Today is my 70th day on the count, B'H. But no jumping for joy. That was my mistake last time. Last time I was "on the last stretch" and "tasting 90 days". I even got a sponsor to GYE if I make the 90 day mark. Things were looking good. But I fell. I fell twice before I even hit 90. What a joke.
On shabbas I read a book from R Twerski talking about how the yetzer hara deludes us into thinking that we already subdued it. R Twerski said that if we don't battle, the yetzer hara wins. He's quotes the Rebbe of Kotzk who said that we should conceptualize that the yetzer hara is holding an axe over us , threatening to severe our head. One chassid asked him, "what if I can't visualize that?" The Rebbe from Kotzk answered, "that indicates that your head has already been severed."
I am not saying this is an appropriate strategy for this illness. I don't know much at all. I think I even have seen here and there that perhaps shouldn't view it as the typical "yetzer hara". I'm not getting into that. I'm also not even saying that it helped me as I never used it. I'm just saying that it impacted me specifically at this time when I am trying to internalize the potency and persistence of the yetzer harah. I don't want to be discouraging, but the guys who are behind me on this journey might view this "milestone" as an accomplishment, a dream. However, the guys past me on this journey most probably see that it's a drop in the iceberg (sorry for speaking for everyone, correct me if I'm wrong).

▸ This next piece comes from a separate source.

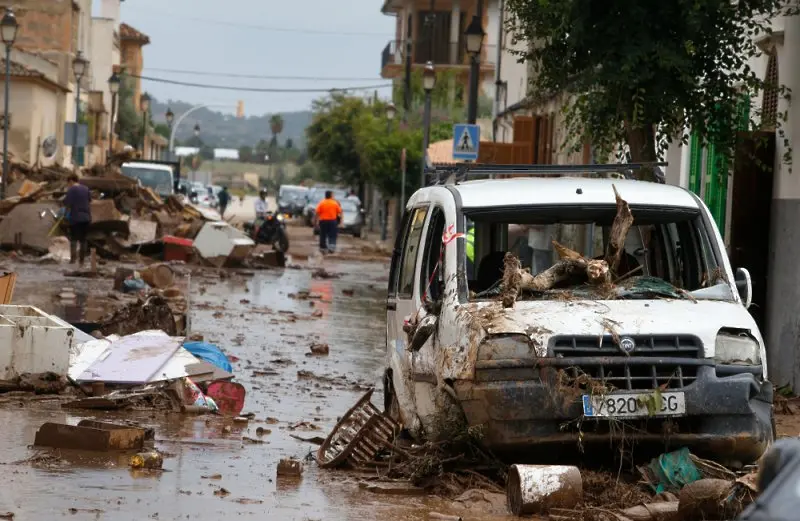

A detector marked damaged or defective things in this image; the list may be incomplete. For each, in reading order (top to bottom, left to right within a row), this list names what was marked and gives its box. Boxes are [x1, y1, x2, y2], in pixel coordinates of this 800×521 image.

damaged white van [384, 166, 772, 464]
damaged vehicle [384, 168, 772, 468]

Attaining even any days-70, 90, or a 1000 is great, but it isn't the main thing. What I have learnt is that the main thing is to attain life, to live life. With that said, and feel free to argue, the "journey" isn't trying to "stay clean", rather the journey is to live life normally. Last time I already learnt about the "one day at a time thing", but not sure how much I felt it. Last time I was starting to understand that it's not all about keeping the number of sober days in check, but not sure how much I internalized that. B'H this time around I think I have a deeper understanding. I hope there isn't going to be another "70 day mark", but not thinking about that. And if happens then hopefully that would mean I learnt something new or internalized something better.
I am humbly thankful that I am sober today and pray that I remain sober tonight.
Thanks to whoever listened to my (sometimes repetitive) rambling. It helps me internalize it. Also good to see if anyone thinks my outlook is off.
I am thankful to be part of GYE. Thanks guys.